President Michael Benarroch and Raman Dhaliwal, Associate Vice President (Administration) and Chief Risk Officer, sit down in front of a capacity crowd to talk through UM's new capital plan.
UM unveils bold vision for campus renewal
Ambitious capital plan looks 30 years ahead
The University of Manitoba has unveiled a bold new roadmap to renew its campuses and tackle a mounting capital deficit over the next three decades.
On Jan. 20, UM launched Building Bold: UM’s Capital Plan for People, Place and Possibility to a packed hall, outlining how the long‑term plan will help UM move beyond piecemeal fixes toward strategic, sustainable investments in its infrastructure. (Watch the full event online.)
Developed under the leadership of Associate Vice-President (Administration) and Chief Risk Officer Raman Dhaliwal, the plan is grounded in a comprehensive assessment of the structural and mechanical integrity of UM’s 155 buildings, as well as its roads, riverbanks and 600 acres of land. Dhaliwal’s team also engaged community members to understand capital needs across the spaces where Bisons live, work and play.
Benarroch was quick to address the feasibility of Building Bold in his opening remarks, noting that on its own, UM cannot afford to complete everything the roadmap lays out, but “we need a real honest discussion about how we move forward.”
UM receives just $4.2 million annually in provincial funding dedicated for infrastructure, leaving the university to cover roughly $85 million in additional capital costs each year.
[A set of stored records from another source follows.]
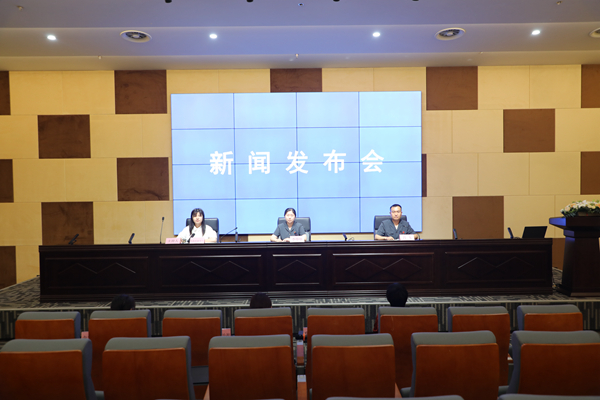 宿州市2024年平安建设工作系列新闻发布会（第二场）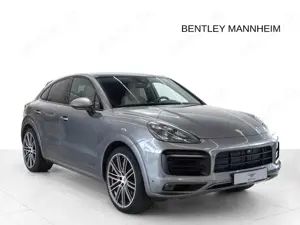Porsche Cayenne Coupe GTS von BENTLEY MANNHEIM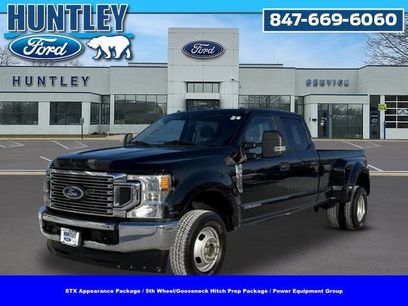 Used 2022 Ford F350 XL w/ STX Appearance Package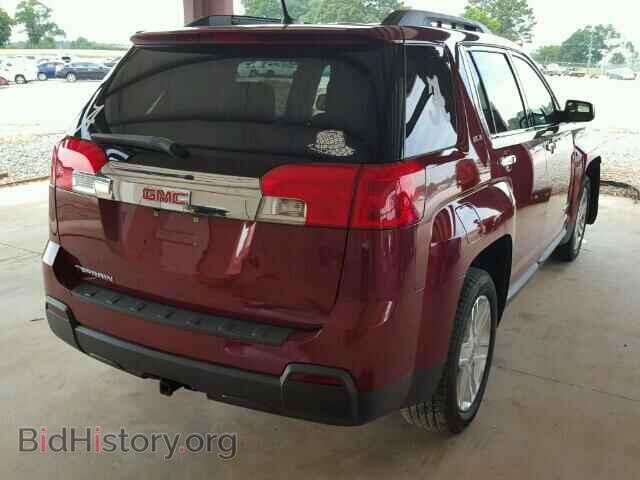 2011 GMC TERRAIN - VIN: 2CTALSEC2B6429956 - Photo 4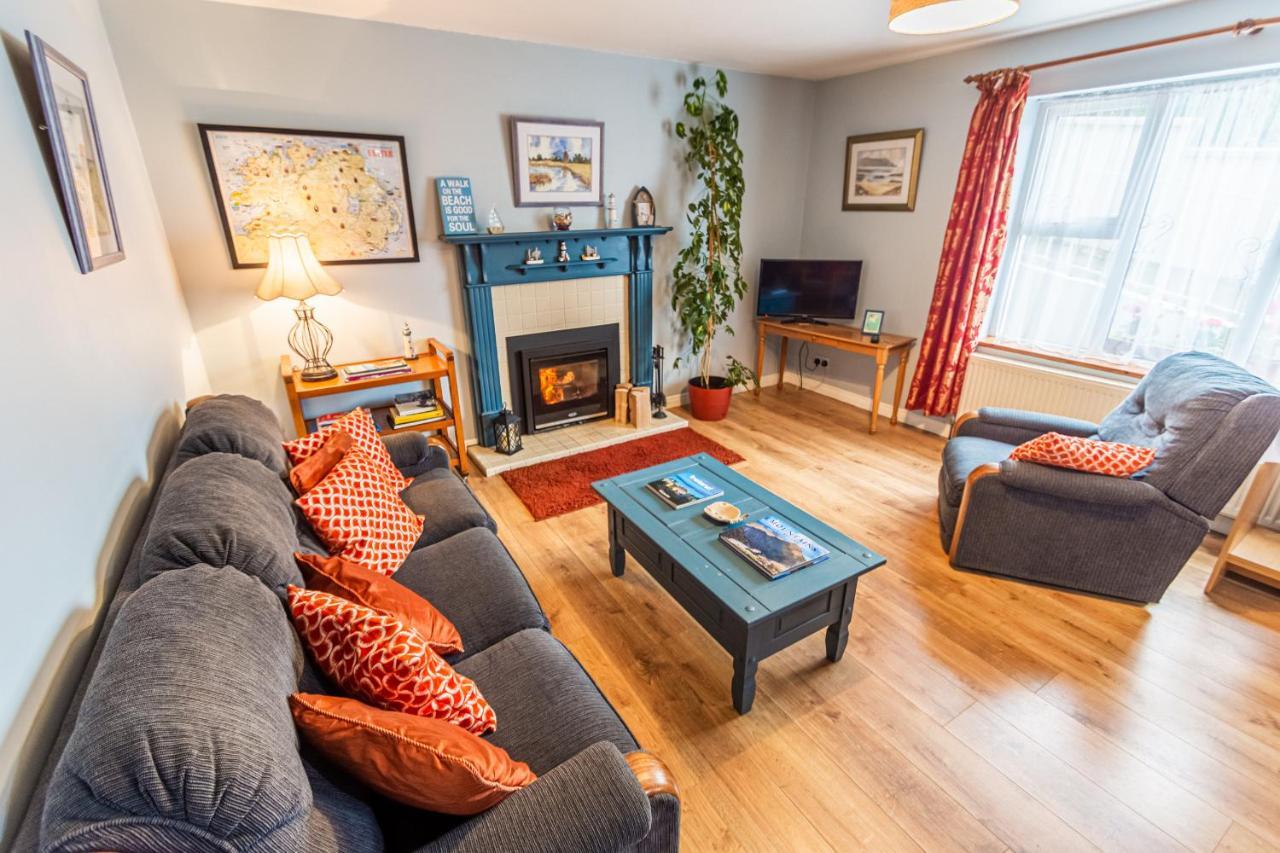 Seawinds Bed And Breakfast Killybegs Exteriör bild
Of that, $15 million is directed to deferred maintenance, which is any repair or renewal done to keep a building in good condition. And despite this annual spending, UM faces a $600 million deferred maintenance backlog.
“Simply put, we have a very large capital deficit at the University of Manitoba and we need a bold vision to overcome that deficit,” Benarroch said.
To guide difficult choices, Dhaliwal’s team used an industry-standard Facility Condition Index to categorize each building as Good, Fair, Poor or Critical. “Critical,” Dhaliwal stressed, doesn’t mean a building is unsafe, only that it has many pressing maintenance and repair needs. Each building was also evaluated for accessibility, sustainability and its ability to support UM’s academic mission and commitment to Reconciliation, including considerations such as spaces for smudging ceremonies.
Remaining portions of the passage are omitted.